Artificial intelligence is increasingly being applied to large volumes of real-world, observational data to answer questions on everything from understanding human behavior to optimizing business processes. The unfortunate reality, however, is that most observational data is “dirty,” and whether AI ultimately realizes its enormous potential will depend on the care taken to understand and address data biases.
The importance of data quality can be illustrated through two contrasting examples. First, Billy Beane’s Moneyball strategy in Major League Baseball demonstrated how players can be valued using the insights derived from statistical analysis of rich and accurate data on in-play performance.
An opposing example dates to World War II, when Abraham Wald, a statistician, was asked to examine data on B-29 bombers riddled with bullet holes and prescribe where to apply additional armor. Since fuselages took much of the fire, reinforcing them seemed the obvious prescription.
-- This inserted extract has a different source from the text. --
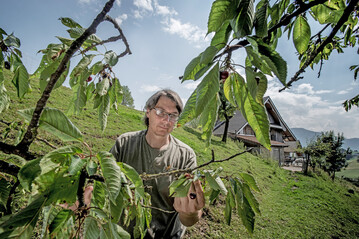 Bruno Muff bei der Kirschenernte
Wald, however, recognized that the observable data was “dirty,” because it had been compiled from surviving bombers. Bombers that were hit in places that were fatal, such as the engine, did not make it back and had been omitted from the data. Accordingly, Wald’s recommendation to apply the additional armor to sections that had the fewest bullet holes -- especially the engine -- ultimately saved countless lives. This is an example of selection (specifically survivorship) bias, and why it is important to account for it to avoid erroneous conclusions.
A more recent example of selection bias is Amazon’s use of an algorithm to vet resumes based on data from past hiring decisions. Amazon recognized that the algorithm gave undue preference to men, but even after gender was excluded from the selection criteria, the algorithm continued to penalize female candidates by circumventing the restriction by finding gender proxies (e.g., “sorority”). Ultimately, Amazon abandoned the algorithm.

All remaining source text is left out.